BEGIN

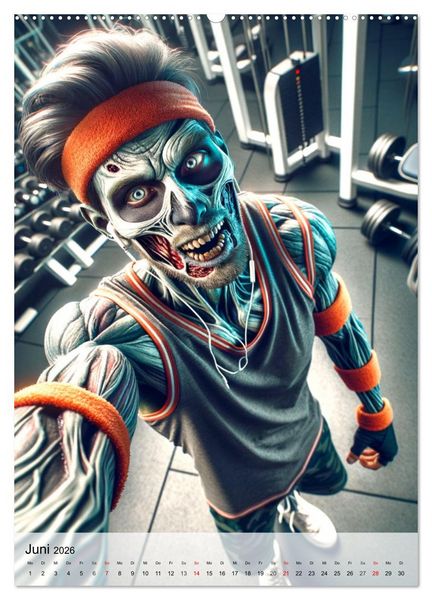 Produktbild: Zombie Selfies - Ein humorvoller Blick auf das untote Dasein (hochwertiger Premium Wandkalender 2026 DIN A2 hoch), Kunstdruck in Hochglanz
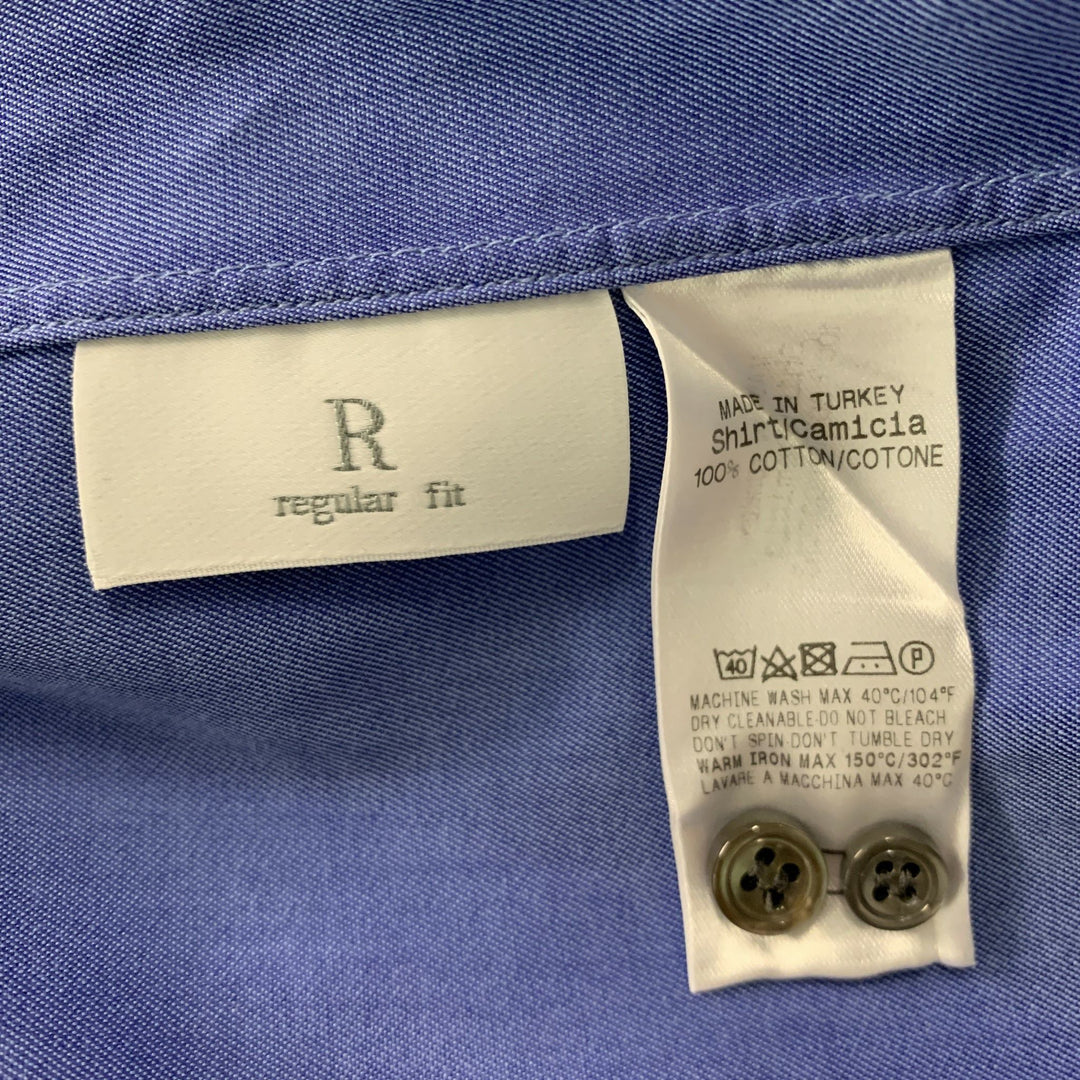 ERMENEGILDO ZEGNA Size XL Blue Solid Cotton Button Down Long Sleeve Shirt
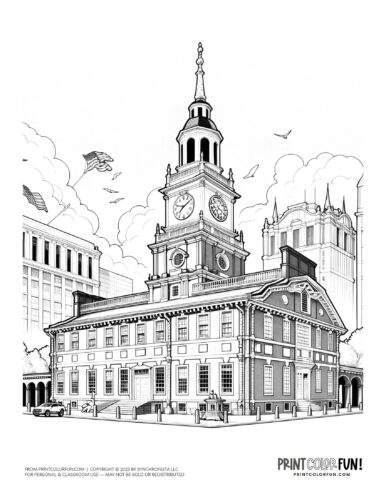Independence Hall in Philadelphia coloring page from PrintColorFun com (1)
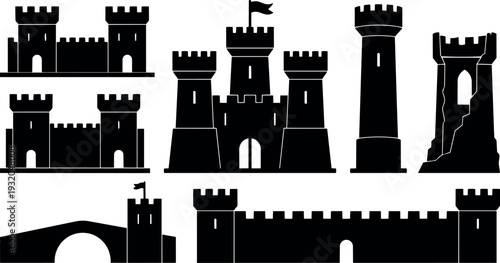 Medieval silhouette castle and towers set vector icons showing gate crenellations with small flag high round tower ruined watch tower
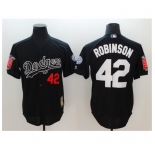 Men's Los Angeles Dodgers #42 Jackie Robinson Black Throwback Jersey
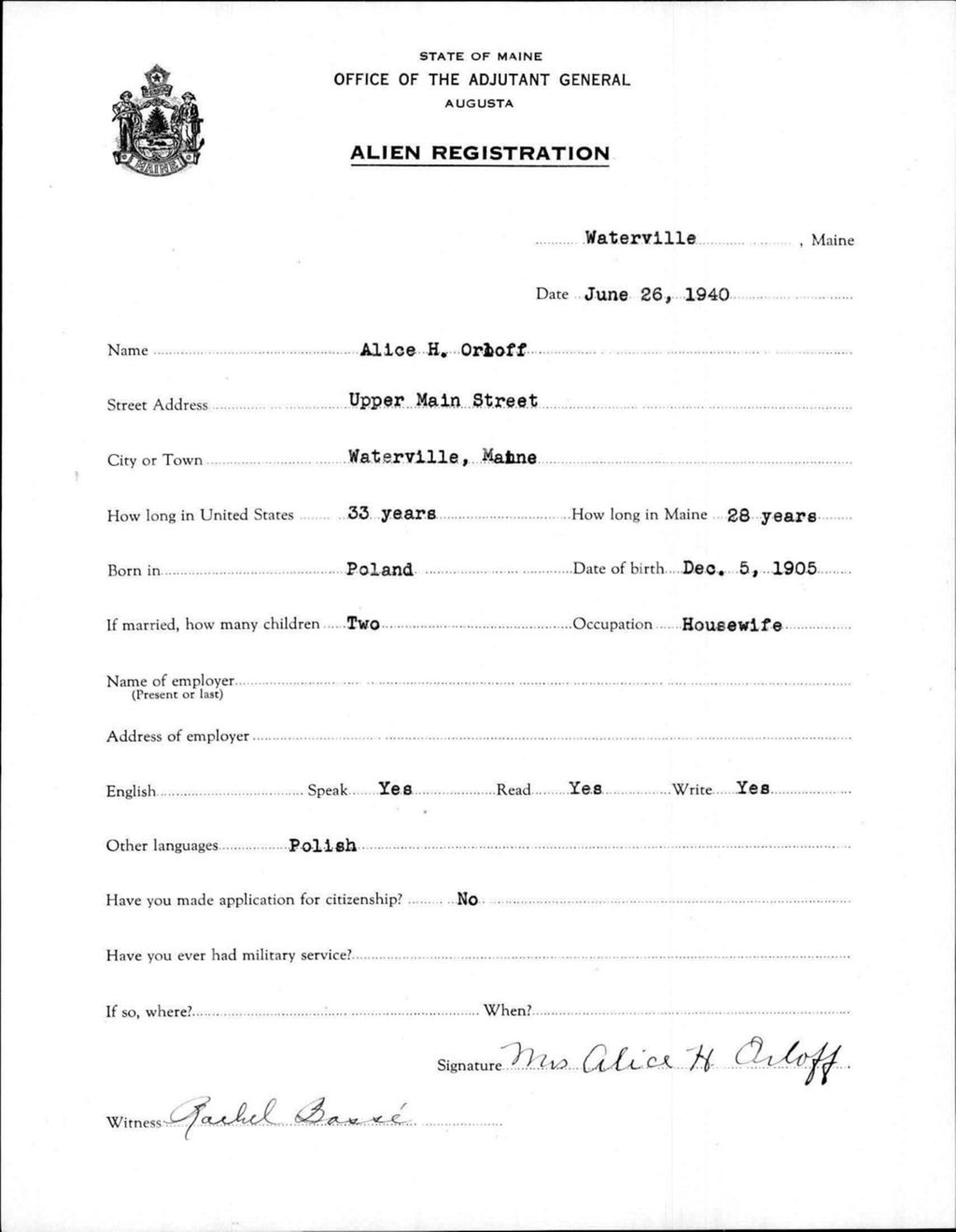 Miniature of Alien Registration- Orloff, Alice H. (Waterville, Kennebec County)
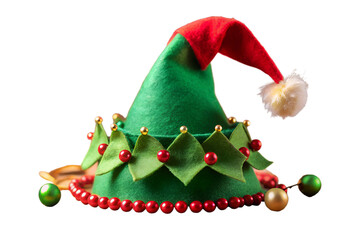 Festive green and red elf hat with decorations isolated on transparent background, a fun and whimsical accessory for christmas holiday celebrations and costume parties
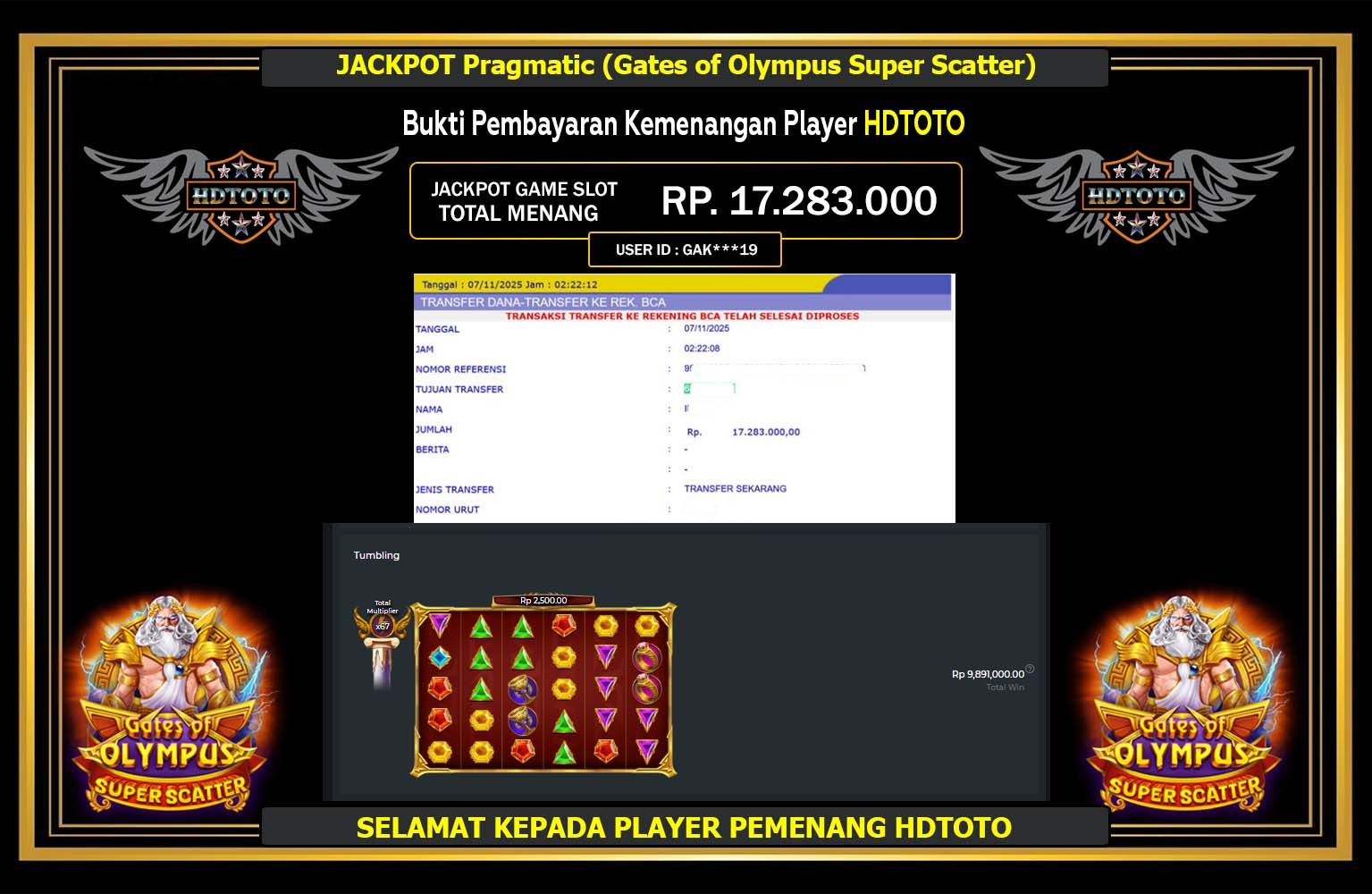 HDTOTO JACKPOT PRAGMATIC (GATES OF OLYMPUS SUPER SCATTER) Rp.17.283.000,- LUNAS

END

Your goal => When you reach the line with "Miniature of Alien" in the records above, start writing out each line exactly, and stop after the line with "Festive green and". Pictures stay out.

Output of the exercise =>
 Miniature of Alien Registration- Orloff, Alice H. (Waterville, Kennebec County)
 Festive green and red elf hat with decorations isolated on transparent background, a fun and whimsical accessory for christmas holiday celebrations and costume parties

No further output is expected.